If we were to leave the EU, we would have to renegotiate all of these trade deals. This is likely to be both a costly and lengthy process. The shortest period in which any trade deal has been agreed with the EU is four years, and I still remain unclear as to what the Leave campaign is suggesting as the model for our future relationship with the EU.
All of this is covered in more detail in this post.
As part of the EU, the UK benefits from a number of intelligence sharing and other arrangements that benefit UK security. To give you two specific examples:
- The UK benefits from the European Criminal Records System, which allows countries to exchange information, including finger prints, contained in national criminal records databases.[i]

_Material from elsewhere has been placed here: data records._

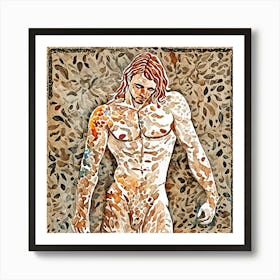 Sexy Young Nude Man Art Print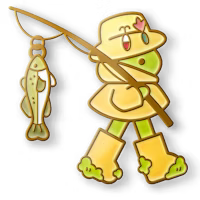 When It Rains Enamel Pin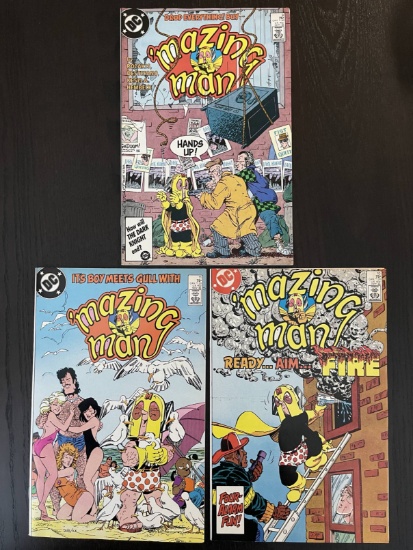 3 Mazing Man Comics #9, #10, & #11 DC Comics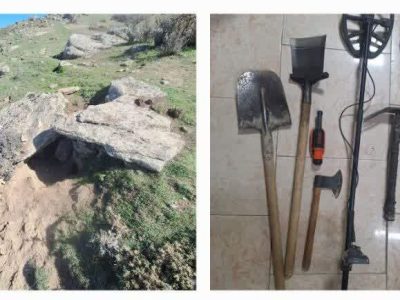 دستگیری جویندگان گنج در بابل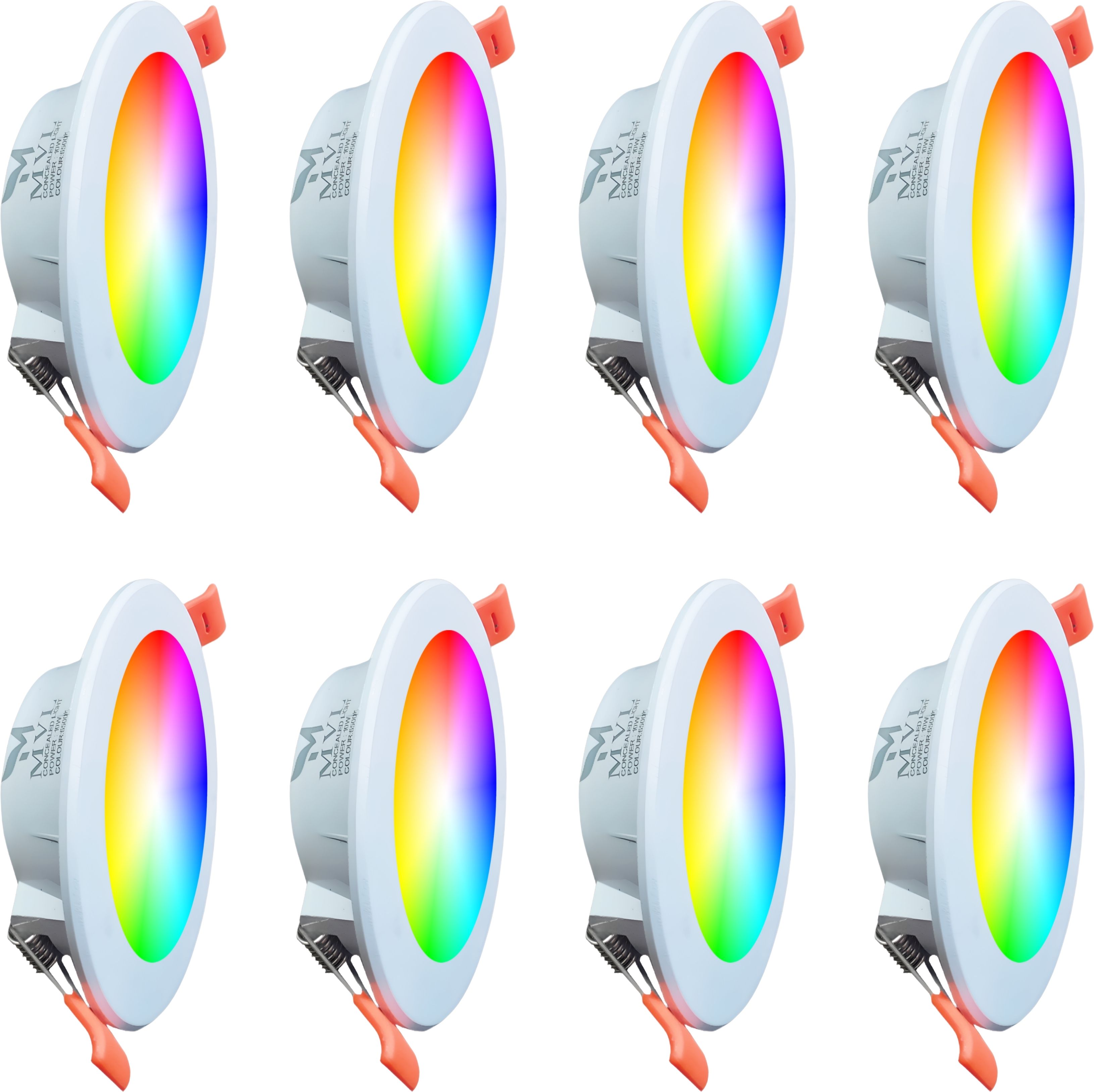 Maxa 10-Watts 7-in-1 Multicolor Round Led Conceal Down Light Pack of 8 Ceiling Light Ceiling Lamp-image-22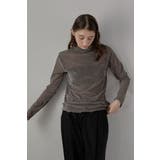 flocky mesh pullover | BONJOUR SAGAN | 詳細画像1 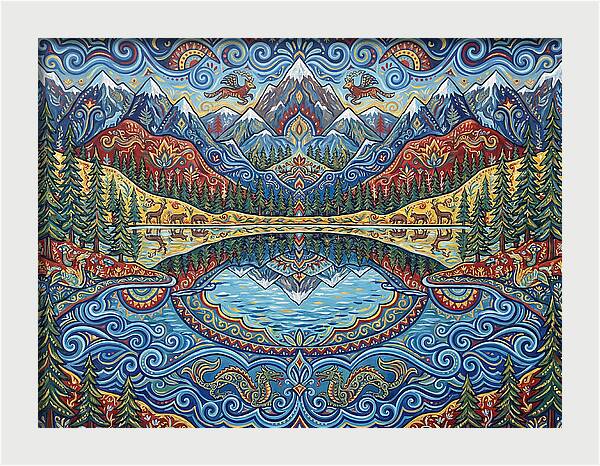Serene Reflections Of Nature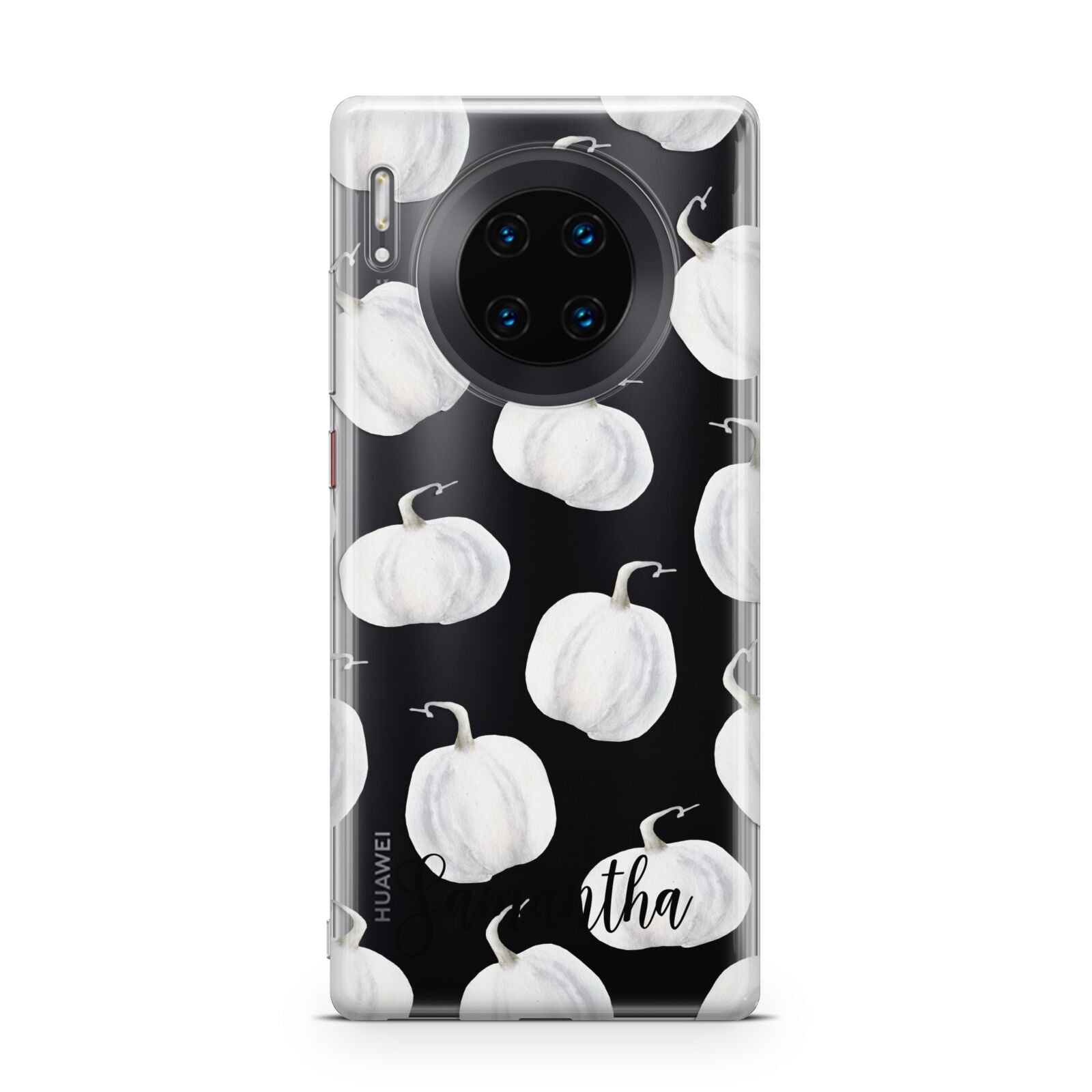 Monochrome Pumpkins with Text Huawei Mate 30 Pro Phone Case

- The UK benefits from the European Arrest Warrant, which provides for individuals suspected of criminal offences to be arrested and extradited swiftly back to the country issuing the warrant. As a result of our involvement with the European Arrest Warrant, over 1,000 suspects have been returned to the UK to face trial, and the UK has extradited over 7,000 individuals to stand trial in other EU Member States.[ii] A particularly high profile example of this was the arrest of Hussein Osman, who was involved in an attempted bomb attack on London on 21 July 2005.[iii] He was arrested in Italy and brought back to the UK pursuant to a European Arrest Warrant. He was sentenced to 40 years’ imprisonment.
5. Employment rights
I was hoping to find time to write a detailed post on this, but instead I would encourage you to read a piece written by Professor Michael Ford QC here. As he explains, most employment rights in the UK (with the exception of unfair dismissal and national minimum wage) are guaranteed by EU Law. Examples are: working time protections; paid annual leave requirements; paternity and maternity rules; limits on working hours; protections for agency, fixed term and part-time workers; and health and safety rules.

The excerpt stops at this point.